Records from a data collection
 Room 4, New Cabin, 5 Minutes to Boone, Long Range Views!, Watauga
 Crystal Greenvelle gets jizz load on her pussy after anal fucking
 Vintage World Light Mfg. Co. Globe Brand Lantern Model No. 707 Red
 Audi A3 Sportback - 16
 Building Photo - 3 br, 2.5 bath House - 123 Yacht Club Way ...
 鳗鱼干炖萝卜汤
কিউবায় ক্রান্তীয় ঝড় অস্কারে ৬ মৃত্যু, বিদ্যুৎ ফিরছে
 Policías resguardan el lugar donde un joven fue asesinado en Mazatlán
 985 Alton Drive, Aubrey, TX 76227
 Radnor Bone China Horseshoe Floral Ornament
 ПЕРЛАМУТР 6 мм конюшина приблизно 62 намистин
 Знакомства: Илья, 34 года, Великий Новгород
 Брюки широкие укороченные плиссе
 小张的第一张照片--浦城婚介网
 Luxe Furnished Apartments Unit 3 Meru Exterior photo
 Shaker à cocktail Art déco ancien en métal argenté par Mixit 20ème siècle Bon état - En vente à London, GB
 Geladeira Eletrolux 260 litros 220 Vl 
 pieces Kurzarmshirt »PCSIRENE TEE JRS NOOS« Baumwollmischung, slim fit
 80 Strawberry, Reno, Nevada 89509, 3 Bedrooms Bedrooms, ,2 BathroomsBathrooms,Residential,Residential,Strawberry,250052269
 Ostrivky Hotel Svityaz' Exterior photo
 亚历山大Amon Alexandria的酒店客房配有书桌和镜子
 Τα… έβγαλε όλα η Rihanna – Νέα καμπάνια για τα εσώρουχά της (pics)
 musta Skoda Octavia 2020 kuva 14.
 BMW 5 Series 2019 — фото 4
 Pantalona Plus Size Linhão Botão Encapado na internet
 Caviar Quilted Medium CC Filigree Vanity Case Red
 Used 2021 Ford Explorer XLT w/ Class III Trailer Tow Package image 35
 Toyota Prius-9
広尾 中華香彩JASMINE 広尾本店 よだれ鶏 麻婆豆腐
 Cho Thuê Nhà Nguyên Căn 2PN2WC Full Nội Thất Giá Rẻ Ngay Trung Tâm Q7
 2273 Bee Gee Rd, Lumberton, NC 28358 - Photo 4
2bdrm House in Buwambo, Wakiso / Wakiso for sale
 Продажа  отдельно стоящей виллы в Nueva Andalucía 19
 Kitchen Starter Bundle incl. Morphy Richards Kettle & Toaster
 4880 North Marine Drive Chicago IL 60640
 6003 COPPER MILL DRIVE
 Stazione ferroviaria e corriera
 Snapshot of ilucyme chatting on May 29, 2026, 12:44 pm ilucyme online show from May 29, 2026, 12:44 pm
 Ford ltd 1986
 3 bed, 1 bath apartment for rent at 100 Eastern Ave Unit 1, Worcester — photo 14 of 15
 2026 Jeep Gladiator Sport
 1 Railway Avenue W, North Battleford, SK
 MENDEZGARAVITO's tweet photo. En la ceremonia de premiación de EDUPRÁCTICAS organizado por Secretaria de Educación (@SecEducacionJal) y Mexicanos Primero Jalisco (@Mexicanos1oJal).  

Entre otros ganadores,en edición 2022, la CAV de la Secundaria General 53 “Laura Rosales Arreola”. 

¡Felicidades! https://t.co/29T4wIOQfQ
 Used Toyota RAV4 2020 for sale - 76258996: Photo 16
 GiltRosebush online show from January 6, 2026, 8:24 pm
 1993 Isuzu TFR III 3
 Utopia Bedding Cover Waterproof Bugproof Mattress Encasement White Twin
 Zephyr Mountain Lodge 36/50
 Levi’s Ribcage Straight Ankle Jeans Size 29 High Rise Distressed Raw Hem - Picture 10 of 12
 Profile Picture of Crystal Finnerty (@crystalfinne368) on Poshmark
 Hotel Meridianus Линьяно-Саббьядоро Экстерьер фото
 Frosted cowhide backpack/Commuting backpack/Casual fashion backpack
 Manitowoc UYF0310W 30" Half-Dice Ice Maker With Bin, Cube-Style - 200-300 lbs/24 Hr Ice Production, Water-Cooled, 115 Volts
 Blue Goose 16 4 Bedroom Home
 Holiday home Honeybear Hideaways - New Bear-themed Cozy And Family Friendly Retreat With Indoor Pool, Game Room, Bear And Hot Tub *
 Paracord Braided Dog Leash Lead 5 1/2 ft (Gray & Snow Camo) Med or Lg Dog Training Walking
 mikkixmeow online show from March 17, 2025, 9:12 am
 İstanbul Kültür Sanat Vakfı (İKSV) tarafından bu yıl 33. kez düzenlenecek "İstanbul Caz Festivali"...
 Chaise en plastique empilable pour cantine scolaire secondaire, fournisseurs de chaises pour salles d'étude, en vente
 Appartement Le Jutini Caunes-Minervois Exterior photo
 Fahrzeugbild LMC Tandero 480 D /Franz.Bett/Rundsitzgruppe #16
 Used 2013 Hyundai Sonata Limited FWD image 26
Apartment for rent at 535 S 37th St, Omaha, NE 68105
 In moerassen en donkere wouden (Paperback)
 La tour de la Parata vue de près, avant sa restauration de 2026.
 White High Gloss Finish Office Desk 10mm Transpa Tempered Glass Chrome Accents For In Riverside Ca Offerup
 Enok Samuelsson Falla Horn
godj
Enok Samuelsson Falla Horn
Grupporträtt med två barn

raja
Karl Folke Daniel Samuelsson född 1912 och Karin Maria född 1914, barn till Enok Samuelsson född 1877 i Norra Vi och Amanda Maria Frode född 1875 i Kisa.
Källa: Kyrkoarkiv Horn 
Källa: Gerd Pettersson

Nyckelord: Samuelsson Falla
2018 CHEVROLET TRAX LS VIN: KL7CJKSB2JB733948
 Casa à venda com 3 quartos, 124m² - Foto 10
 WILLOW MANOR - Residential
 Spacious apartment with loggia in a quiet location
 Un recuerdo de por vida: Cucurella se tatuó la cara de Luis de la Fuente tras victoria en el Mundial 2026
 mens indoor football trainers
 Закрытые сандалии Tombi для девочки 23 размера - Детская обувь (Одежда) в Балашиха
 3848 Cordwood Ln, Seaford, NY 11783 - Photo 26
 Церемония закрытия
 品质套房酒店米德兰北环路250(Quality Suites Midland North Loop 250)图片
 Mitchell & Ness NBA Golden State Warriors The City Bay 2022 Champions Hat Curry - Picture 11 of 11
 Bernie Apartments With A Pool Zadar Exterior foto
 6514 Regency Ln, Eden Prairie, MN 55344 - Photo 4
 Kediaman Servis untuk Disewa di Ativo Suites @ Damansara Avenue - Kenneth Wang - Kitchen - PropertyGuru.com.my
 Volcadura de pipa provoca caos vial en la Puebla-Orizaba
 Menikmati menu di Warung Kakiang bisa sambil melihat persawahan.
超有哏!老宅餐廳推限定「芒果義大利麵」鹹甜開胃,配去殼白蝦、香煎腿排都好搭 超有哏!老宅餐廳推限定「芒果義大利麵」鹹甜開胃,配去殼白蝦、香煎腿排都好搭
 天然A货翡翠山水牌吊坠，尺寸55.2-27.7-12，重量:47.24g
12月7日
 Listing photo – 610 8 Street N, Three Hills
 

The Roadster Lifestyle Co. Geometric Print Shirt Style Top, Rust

- _WHAT THE TASK REQUIRES_: From the entries above, give again exactly the lines running from the line with "Брюки широкие укороченные плиссе" to the line with "BMW 5 Series 2019 — фото 4"; include both of those lines.

- _REPLY TO THE EXERCISE_:
 Брюки широкие укороченные плиссе
 小张的第一张照片--浦城婚介网
 Luxe Furnished Apartments Unit 3 Meru Exterior photo
 Shaker à cocktail Art déco ancien en métal argenté par Mixit 20ème siècle Bon état - En vente à London, GB
 Geladeira Eletrolux 260 litros 220 Vl 
 pieces Kurzarmshirt »PCSIRENE TEE JRS NOOS« Baumwollmischung, slim fit
 80 Strawberry, Reno, Nevada 89509, 3 Bedrooms Bedrooms, ,2 BathroomsBathrooms,Residential,Residential,Strawberry,250052269
 Ostrivky Hotel Svityaz' Exterior photo
 亚历山大Amon Alexandria的酒店客房配有书桌和镜子
 Τα… έβγαλε όλα η Rihanna – Νέα καμπάνια για τα εσώρουχά της (pics)
 musta Skoda Octavia 2020 kuva 14.
 BMW 5 Series 2019 — фото 4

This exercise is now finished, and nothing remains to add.